Katharine Norman is a writer, composer, teacher and sound artist with a particular interest in acoustic ecology, listening, sound and place. Her work traverses several creative disciplines, with an emphasis on sound and text.
In 1996 she edited ‘A Poetry of Reality: Composing with Recorded Sound’ an issue of Contemporary Music Review which included influential papers by contributors such as Barry Truax, Luc Ferrari and Jean-Claude Risset. Her own paper “Real World Music as Composed Listening” considered the aesthetic implications of employing sounds from the real world as musical material. Her 2004 book ‘Sounding Art, Eight Literary Excursions through Electronic Music‘ included a chapter on maps and cartographers, documentary sounds, sound ecology and composed listening with reference to the work of Peter Cusack, Barry Truax, Paul Lansky and Francisco López. Much of Katharine’s work engages with field recording as a sonic practice, as a text based practice and in terms of the range of ideas that find their expression in works using field recording from the perspective of both the composer and the listener. Recently she was one of the keynote speakers at Crossing Listening Paths, the 2011 International Conference of the World Forum for Acoustic Ecology (WFAE) in Corfu, Greece and has also just guest edited two issues (16/2 and 17/3) of the peer-reviewed journal, Organised Sound (Cambridge University Press) on the theme of Sound, Listening and Place.

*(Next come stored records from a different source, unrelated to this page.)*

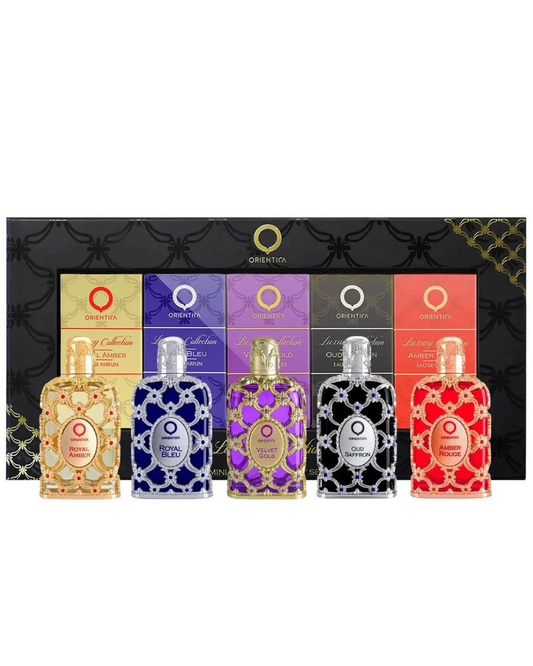 SET MINI ORIENTICA UNISEX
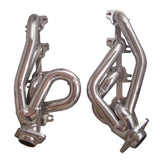 Gibson 00-03 Dodge Dakota Base 4.7L 1-1/2in 16 Gauge Performance Header - Ceramic Coated - GP307S-C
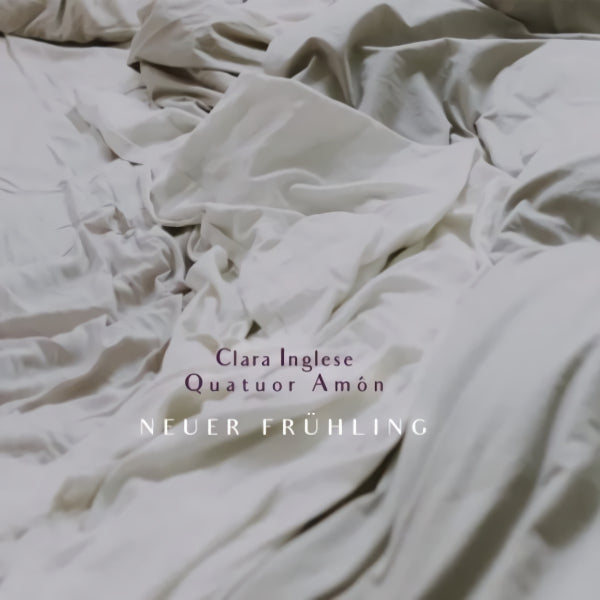 Clara Inglese / Quatuor Amon - Neuer fruhling (CD)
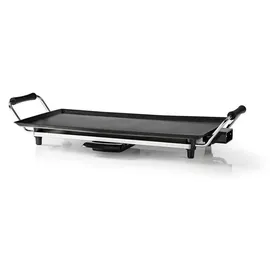 Nedis Teppanyaki-Tischgrill FCTE110EBK50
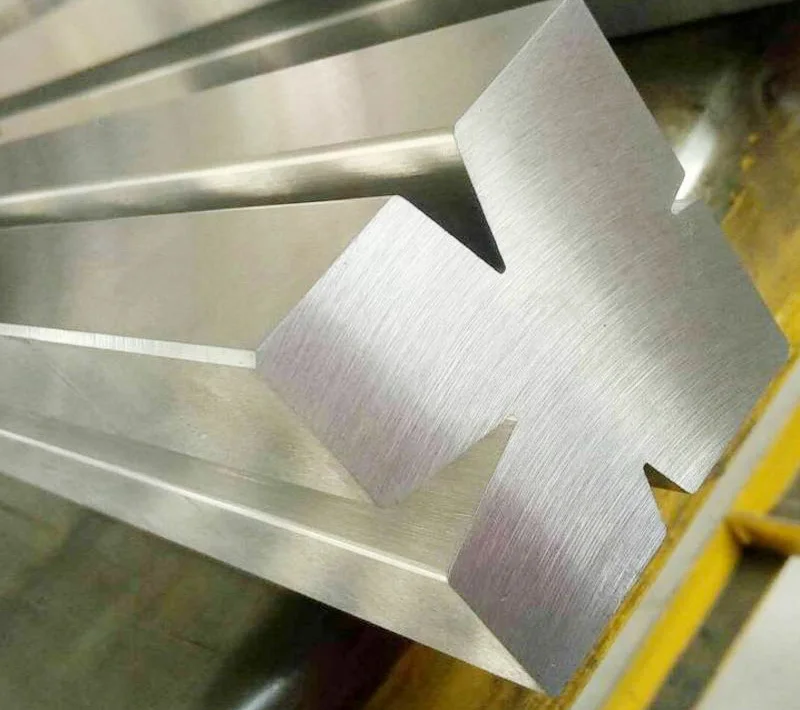 Multi-V Die Making Manufacture High Quality CNC Hydraulic Press Brake Die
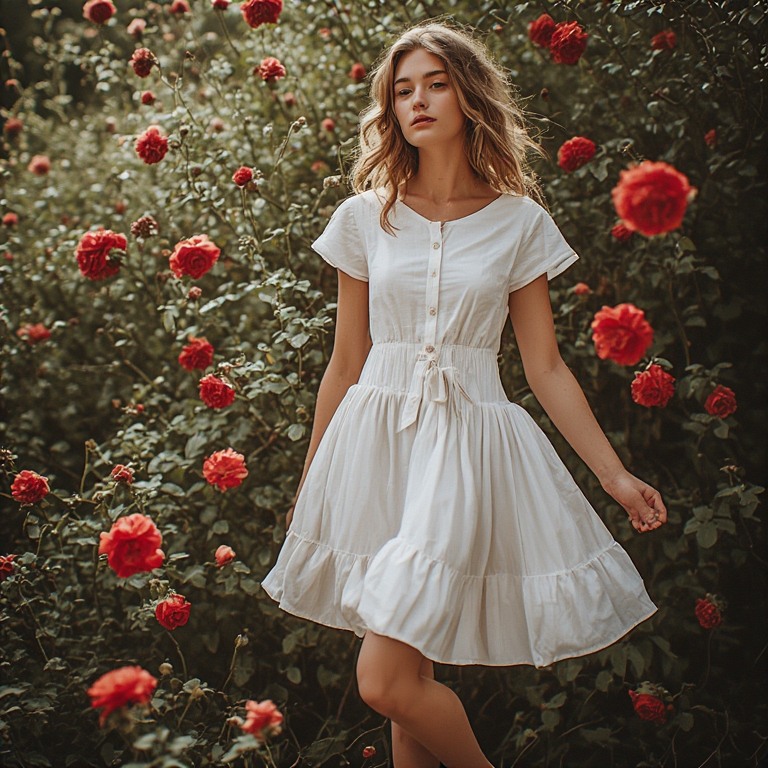 Summer Flowy Maxi Dress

The following is taken from a recent telephone interview with Katharine in which we discuss these two recent experiences and her views on field recording activity in those contexts, particularly in the UK.

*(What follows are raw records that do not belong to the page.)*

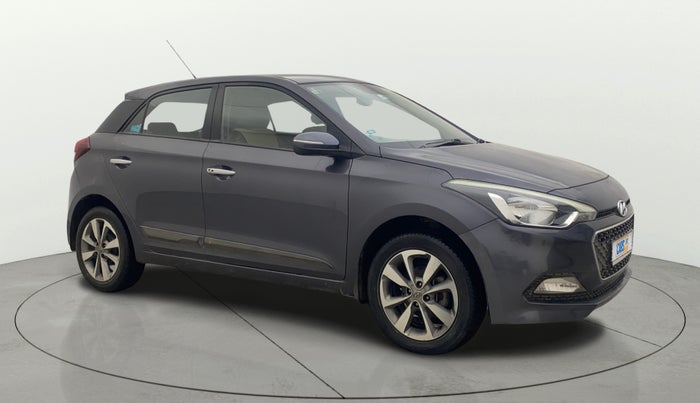 2016 Hyundai Elite i20 ASTA 1.4 CRDI (O), Diesel, Manual, 96,143 km, Right Front Diagonal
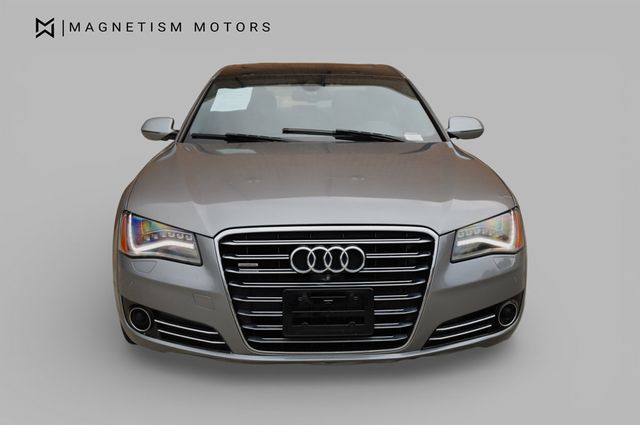 2013 Audi A8 L 4dr Sedan 3.0L - 22958262 - 4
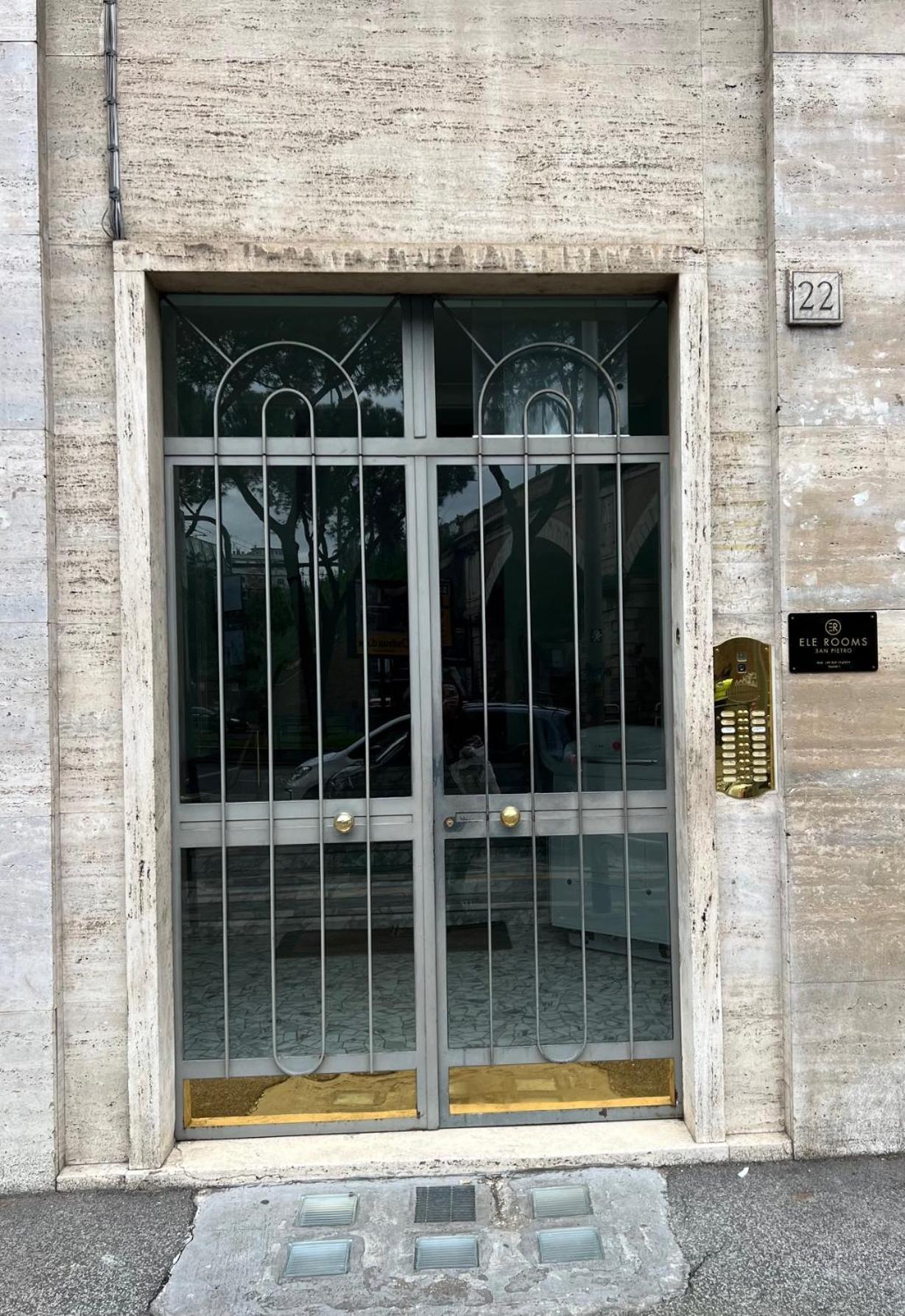 Ele San Pietro Gasthof Rom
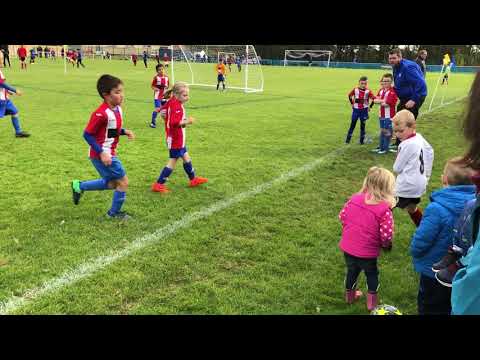 Ballymacash vs Hillsborough Boys - 2011s SSG 1st period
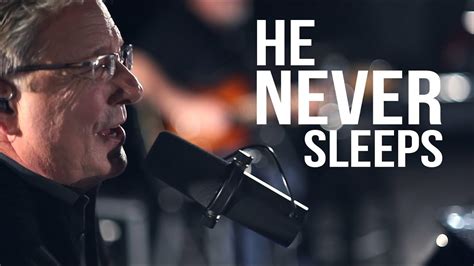 never sleep lyrics|he never sleeps lyrics.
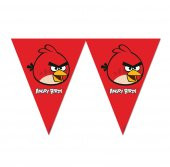ANGRY BİRDS BAYRAK SET - 1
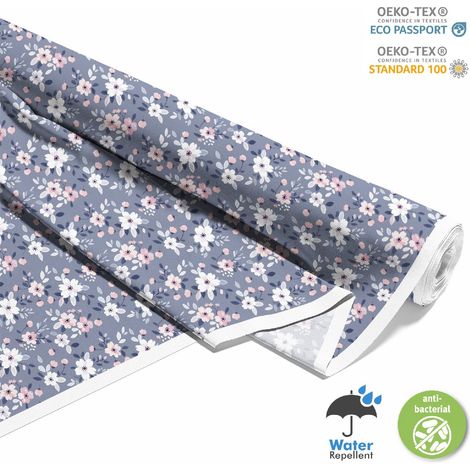 TESSUTI DECORATIVI PER ESTERNI OXFORD - Motivo Femminile  DX10388 (1/5)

We started by discussing the recent Organised Sound experiences:
KN I wasn’t that surprised, but we received far more submissions than the journal had previously for a themed issue, and, I think in part that was because I went out of my way to promote the call for papers to quite an interdisciplinary clientele. I didn’t just go for the usual electronic music areas but also disciplines such as anthropology, landscape studies, philosophy and some of the submissions came in from those kinds of areas. So the number of submissions was partly because I made an effort to get a wider range of submission but also, I think, because the subject is really pertinent at the moment: there’s an lot of interest in it, and what really seems to be becoming known as the field of ‘sound studies’ is infiltrating all kinds of disciplines, in different ways.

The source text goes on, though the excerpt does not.